**DIRECTIONS:**
Exactly as written, return all the data, leaving its pictures behind.

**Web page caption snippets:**

=====

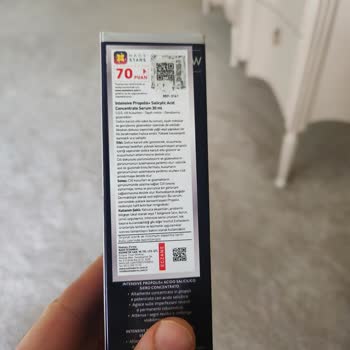 Institut Esthederm Naos Puan Kodu Hatası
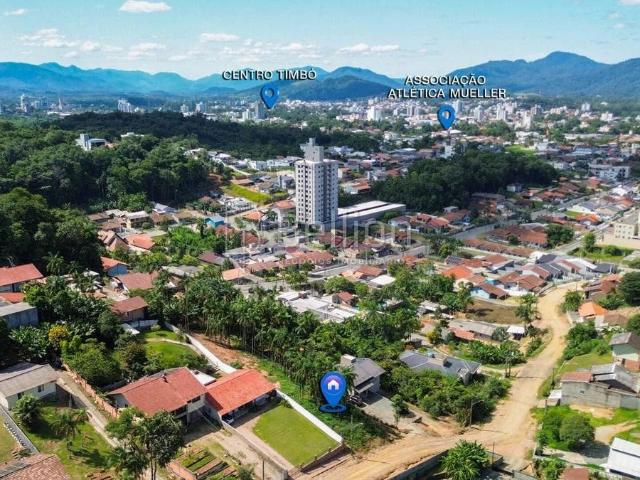 Terreno venda em Quintino, Timbó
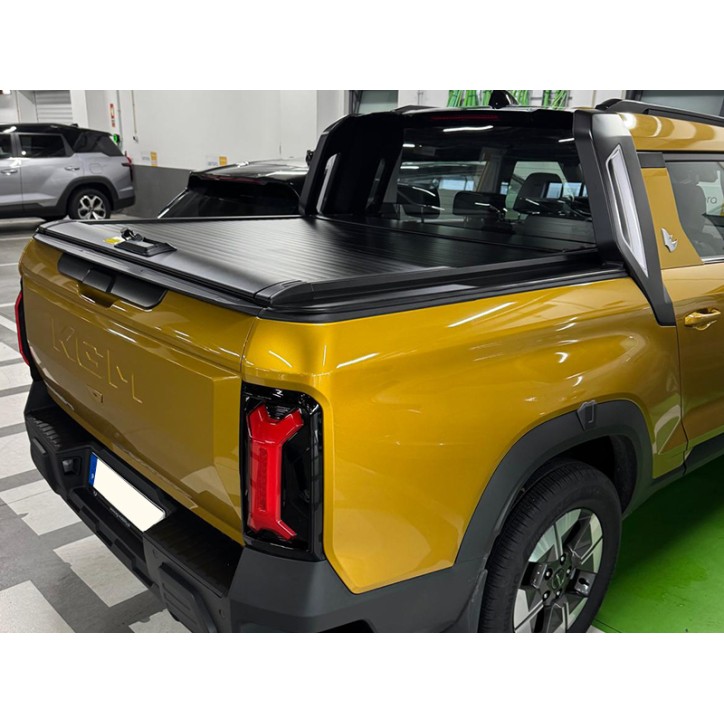 Top roll (estore) para KGM Musso EV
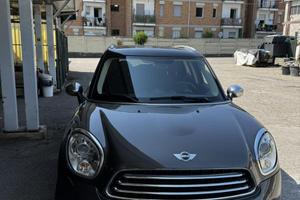 Mini Countryman 5 porte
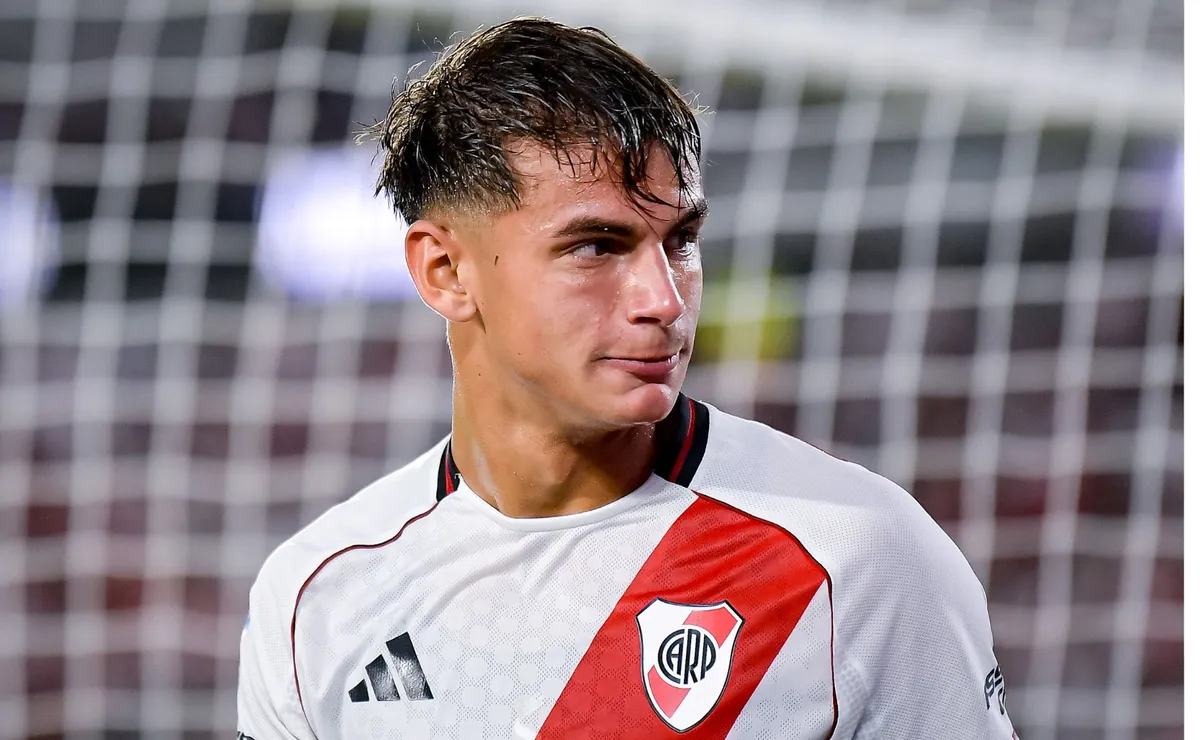 Cómo fue el partido del juvenil.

=====

**EXPECTED ANSWER:**
 Institut Esthederm Naos Puan Kodu Hatası
 Terreno venda em Quintino, Timbó
 Top roll (estore) para KGM Musso EV
 Mini Countryman 5 porte
 Cómo fue el partido del juvenil.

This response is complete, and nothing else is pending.